Water: The Lifeblood of Colorado (Part 3)

In Colorado, water’s value and influence shouldn’t be underestimated 

[  By Duane Vandenbusche  ]

(This is the third of three parts of an abridged address by Dr. Duane Vandenbusche as part of his State Historian Address delivered in May of 2021. The address was given in 2021, but the situation is one that is pertinent today and into our future. —Mark Reaman)

Fast forward

By the 1950s, it was obvious that there was a great need for storage of water in the Upper Basin so it could deliver water to the Lower Basin when needed later in the year, after spring runoff. The Upper Basin also wanted storage of water for itself. This prompted Western Slope Congressman Wayne Aspinall, head of the House Interior and Insular Affairs Committee, to champion the Upper Colorado River Storage Act, which Congress passed in 1956. The act called for the building of six dams in the Upper Basin states—three on the Gunnison River: Blue Mesa, Morrow Point, and Crystal Dams—plus Navajo Dam on the San Juan River near Farmington, New Mexico, Flaming Gorge Dam on the Green River in Wyoming, and Glen Canyon Dam at Page, Arizona. 

The act also called for the building of water projects for the Upper Basin to transport and make use of the stored water.

In the midst of increasing demand for water, population growth in Denver and along the Front Range on the east side of the Continental Divide led to controversial transmountain water diversions. The first major diversion was the Moffat Tunnel, which took water from the Fraser River on the Western Slope near Winter Park through a six-mile tunnel to Denver in the 1930s. The granddaddy of them all—the Colorado-Big Thompson Project—diverted water from the Colorado River at Grand Lake through the 13.3-mile Alva Adams Tunnel underneath Rocky Mountain National Park to Estes Park, and then down the Big Thompson River to communities along the northern Front Range. Built from 1938 to 1953, it cost $160 million and has the right to divert 310,000 acre-feet of water. 

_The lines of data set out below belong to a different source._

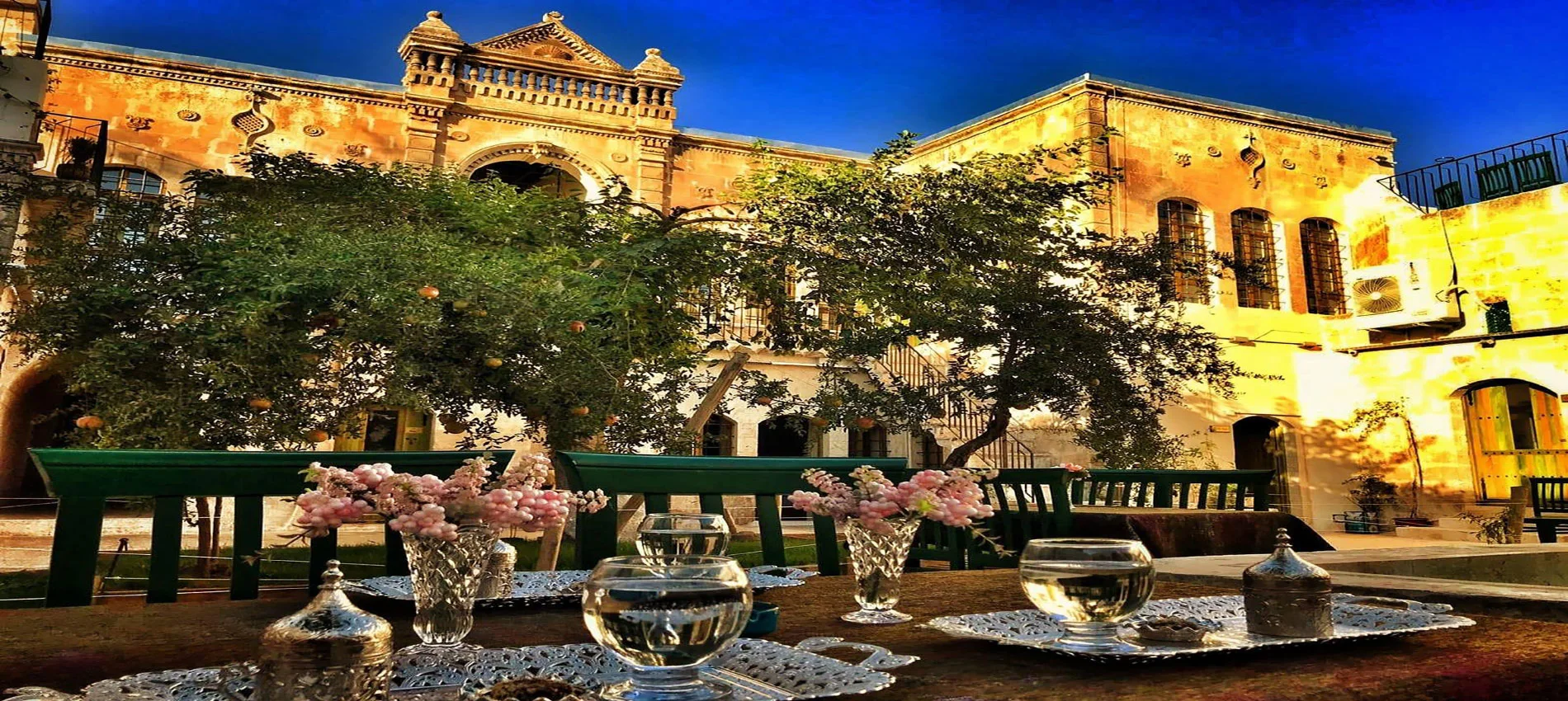 Hanehan Hotel tarihi taş avlusunun gece görünümü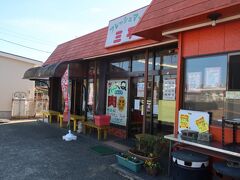 候補店その２、「フレッシュマート三平」。肉屋さんですが、定食なども提供していて、店内で食べられるという情報でした。入って見たらすでにおじさん二人がドラム缶みたいな台の上でカレーライスを食べていました。これは無理だ。
三代目一平さんに戻りましょう。
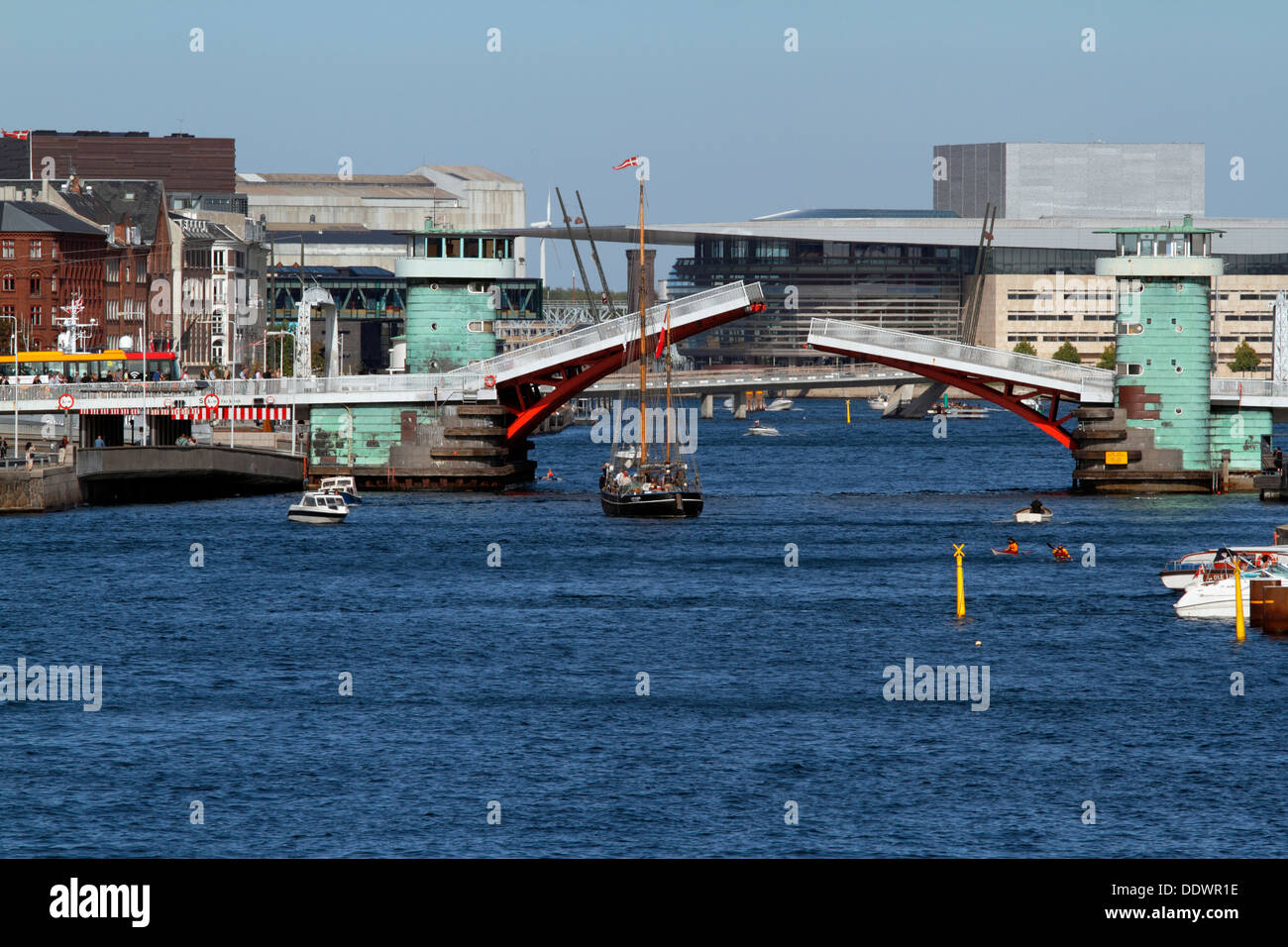 Die Galeassen Anne Marie durchläuft die offene Knippelsbro Brücke im Hafen von Kopenhagen. Das Royal Opera House im Hintergrund. Kopenhagen, Dänemark. Stockfoto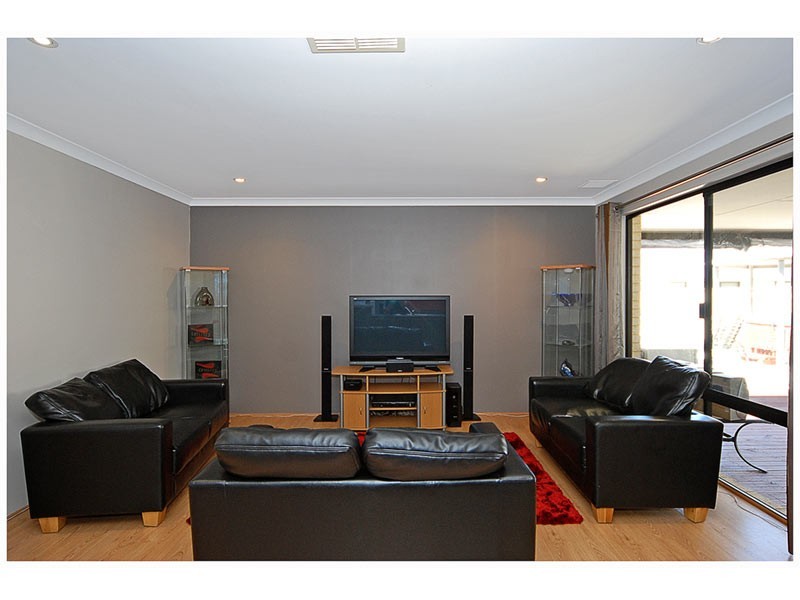 16  Baglione Green, Tapping WA 6065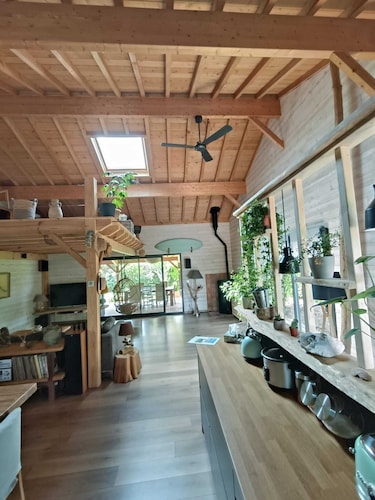 Maison bois paisible dans un écrin de verdure à 10mn de la plage!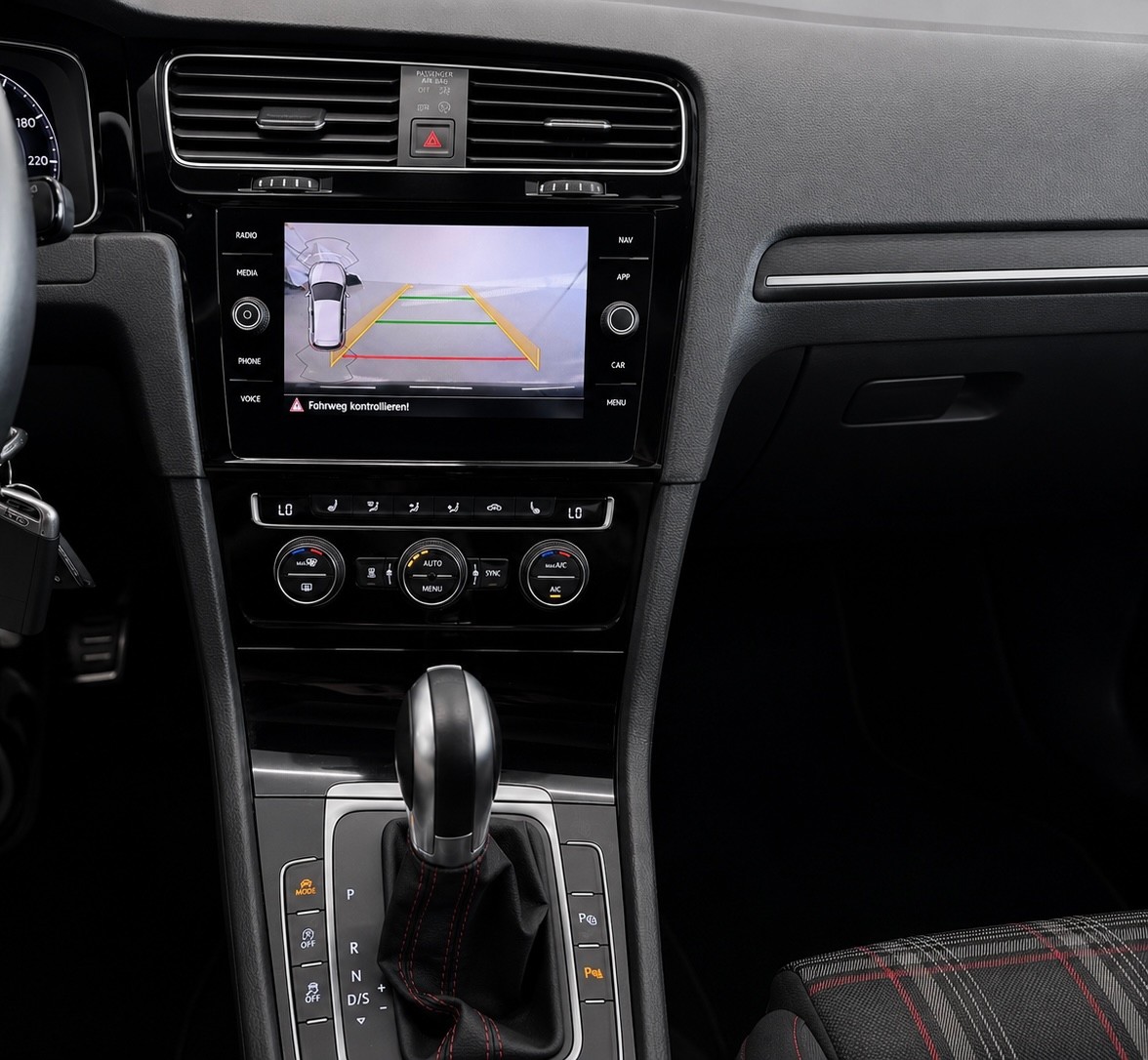 VW GOLF-image-15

The Roberts Tunnel was another major diversion. Built from 1958 to 1962 by Denver Water, it took water from the Western Slope at the Dillon Reservoir near Silverthorne through a twenty-three-mile underground tunnel to a branch of the South Platte River near Grant on the Eastern Slope, ultimately allowing it to flow to Denver. The final major transmountain diversion was the Fryingpan-Arkansas Project, built from 1962 to 1974. This project diverted water from the Fryingpan River near Basalt on the Western Slope through the six-mile Boustead Tunnel into Turquoise Lake on the Eastern Slope and then down the Arkansas River into southeastern Colorado. All told, today in 2021, there are 38 transmountain diversions, taking 500,000 acre-feet of water from the Western Slope to the Eastern Slope of Colorado. 

The water situation in Colorado and the West is dire. The West and Colorado are in the midst of one of the worst droughts in recorded history. The Colorado River is over-appropriated and there is not enough water to supply the 40 million people who depend on it. Mountain snowpack in the West has declined 15% in the last 20 years and Colorado River flows are down nearly 20%. 

Much of Colorado, in the fall of 2021, is in what experts call “extreme drought.” The state’s water supply depends on three interconnected sources—snow, rivers, and groundwater—and all are in trouble. Fights over water in Colorado and the West today involve industry, agriculture, recreation, cities, environmentalists, power companies, the federal government, and land developers. We must accept the fact today that we live in an arid land—and act accordingly.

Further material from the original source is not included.